Systemic Risk. An efficient and effective wholesale payments system is essential to ensure liquidity for the securities market, handle rapidly changing dealer positions, and meet margin requirements for future and options markets. Two challenges Prati and Schinasi cite for the EMU’s systemic risk management will be reaping the full benefits of its new “Target” payments system, which links nationally based real-time gross settlements systems, and ensuring that supervisory and lender-of-last-resort functions are clearly attributed so that crises can be effectively prevented and managed.

Implications for Banking Sector

The introduction of the euro and the creation of the EMU will provide incentives for broader, deeper, and more liquid private securities markets that, in turn, will stimulate competition for market shares long held by domestic universal banking institutions. Expanded capital markets and greater volumes of investable funds should intensify’ cross-border competition and spark incentives to acquire firms that have expertise in managing specialized assets. Deeper European capital markets and the possible creation of a single capital market will, according to Prati and Schinasi, encourage smaller firms to take advantage of direct access to securities markets. This will stimulate competition with banks and could hasten the ongoing disintermediation in European banking markets. In this environment, say the authors, credit evaluation and local market underwriting skills become extremely valuable.

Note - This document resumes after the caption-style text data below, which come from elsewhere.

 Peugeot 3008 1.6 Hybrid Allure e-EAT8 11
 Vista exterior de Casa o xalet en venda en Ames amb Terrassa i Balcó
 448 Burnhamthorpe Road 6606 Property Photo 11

At the wholesale banking level, the advent of a single currency will lift one of the few remaining barriers to global competition. Only financial institutions with ample capital, resources, and geographic reach are expected to be able to meet the needs of large multinational firms and good-sized companies with international operations. There will be much greater scope for restructuring and consolidation at the retail level, but traditionally more resistance as well. European banking is, the authors observe, “overbanked” at the retail and local levels. Banks are overstaffed, and services are provided at noncompetitive prices. The sector has weathered deregulation, the abolition of capital controls, and the single market initiative, but in the face of lowered net interest margins and declining bank profits (see table, page 222), it has largely remained impervious to pressures that have led to increased efficiencies elsewhere—notably in the United States.

The question, observe Prati and Schinasi, is whether the retail sector will remain sheltered from the competition that the euro and EMU can unleash. If retail banking does confront the stepped-up competition, it is reasonable to expect further mergers of small and medium-sized domestic institutions, more electronic banking, more efficient services, and customer access to regional, international, and global markets. But major progress, caution the authors, will depend upon structural changes to address labor market rigidities, public ownership structures, and other constraints.

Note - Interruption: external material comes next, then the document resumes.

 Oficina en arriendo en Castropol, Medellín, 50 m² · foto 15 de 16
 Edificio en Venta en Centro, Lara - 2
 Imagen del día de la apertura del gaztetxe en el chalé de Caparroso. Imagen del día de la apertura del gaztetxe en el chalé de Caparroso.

Euro and International Capital Flows

With the euro and EMU, the size and pattern of capital flows to and from the euro zone will change, as will the allocation of international portfolios. Three elements are expected to drive these changes: the strength and stability of the euro, the role of euro in the international monetary system, and the future depth and liquidity of EL’ financial markets.

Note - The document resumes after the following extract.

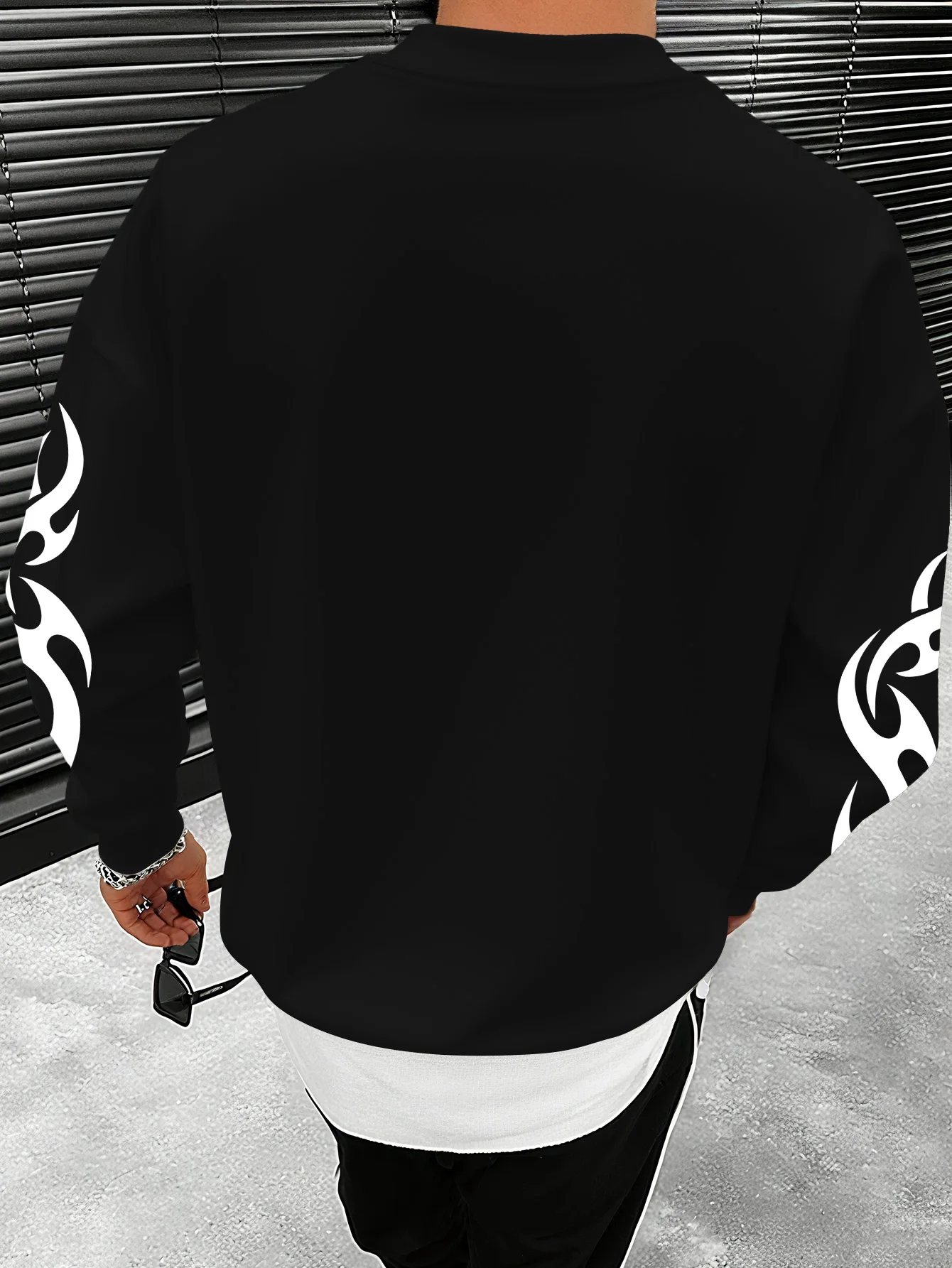 Retro Street Style Men Oversized Crew Neck Sweatshirt, LA 23 Flame Cross Star Graphic Print Pullover S-XXL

The role of the euro in the international monetary system will be determined largely by its strength and stability relative to the U.S. dollar and the yen and by its share in trade and payment flows. The independent status of the ECB and its mandate to pursue price stability bode well for the euro’s future. Outside the euro zone, shifts in international official reserves into euros are likely to be influenced by the euro’s future role in foreign exchange markets, the liquidity of the euro treasury bill market, and the stability and diversification benefits of the euro. As KU financial markets become more integrated, the euro treasury bill market could offer an attractive alternative to central bank holdings of U.S. Treasury bills.

It is private—not official—entities, however, that are likely to be the major sources of flows. Private flows are expected to be influenced by the size, depth, and liquidity of euro capital markets and the relative diversification benefits of the new currency. The attractiveness of the European market will hinge on the extent and speed of integration of the European government bond markets and the emergence of a single euro government bond market.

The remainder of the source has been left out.